**Task item**:
Exactly the lines from the one containing "Anand beats Caruana; joint second now" through the one containing "Oaxaca Red Clay" in the listing below are to be copied, with the pictures left out.

**Dataset extract**:
▼
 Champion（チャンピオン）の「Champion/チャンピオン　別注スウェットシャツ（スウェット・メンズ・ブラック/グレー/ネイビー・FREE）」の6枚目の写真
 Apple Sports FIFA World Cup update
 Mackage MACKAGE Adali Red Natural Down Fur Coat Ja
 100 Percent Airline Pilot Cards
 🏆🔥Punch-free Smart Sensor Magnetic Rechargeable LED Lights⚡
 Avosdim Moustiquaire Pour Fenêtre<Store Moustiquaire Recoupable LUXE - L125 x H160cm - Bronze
▲
▼
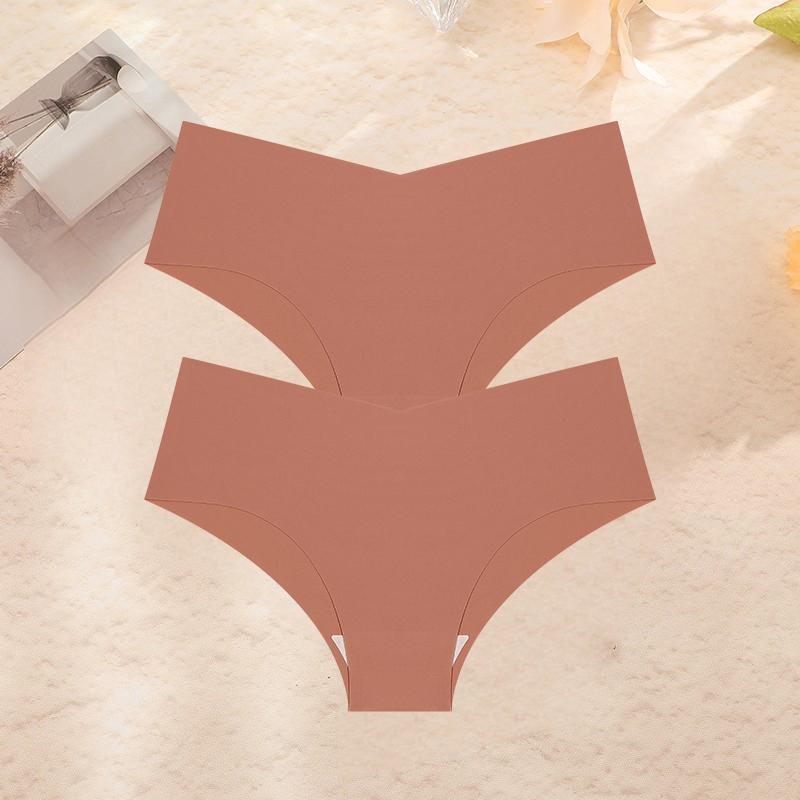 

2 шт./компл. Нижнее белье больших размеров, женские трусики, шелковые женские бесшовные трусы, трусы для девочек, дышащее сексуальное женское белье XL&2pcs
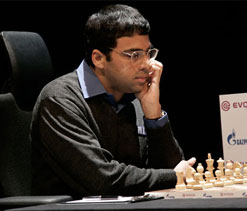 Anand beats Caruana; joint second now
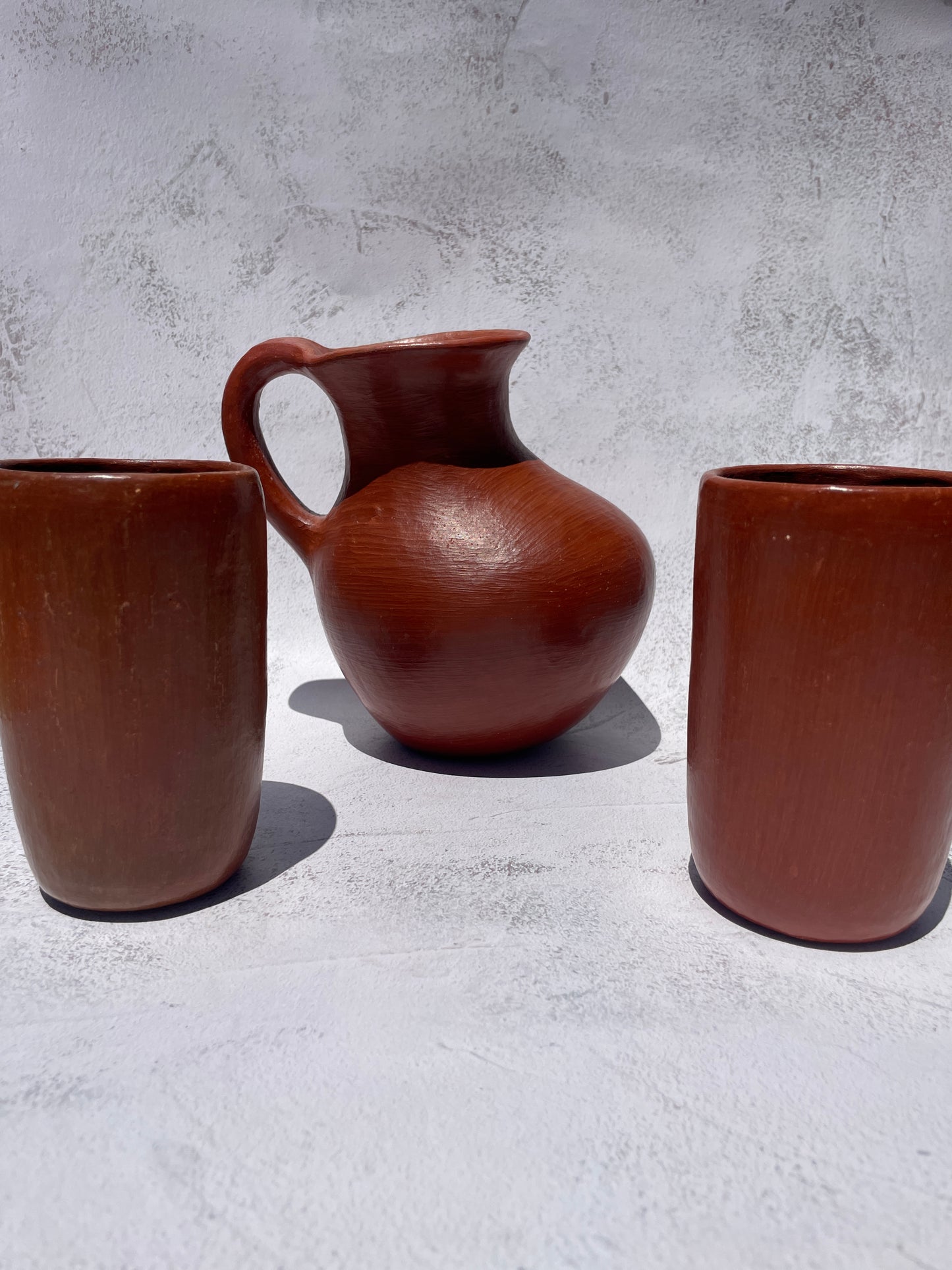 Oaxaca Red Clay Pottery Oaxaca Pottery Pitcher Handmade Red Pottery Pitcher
▲
**Solution for this problem**:
 Anand beats Caruana; joint second now
 Oaxaca Red Clay Pottery Oaxaca Pottery Pitcher Handmade Red Pottery Pitcher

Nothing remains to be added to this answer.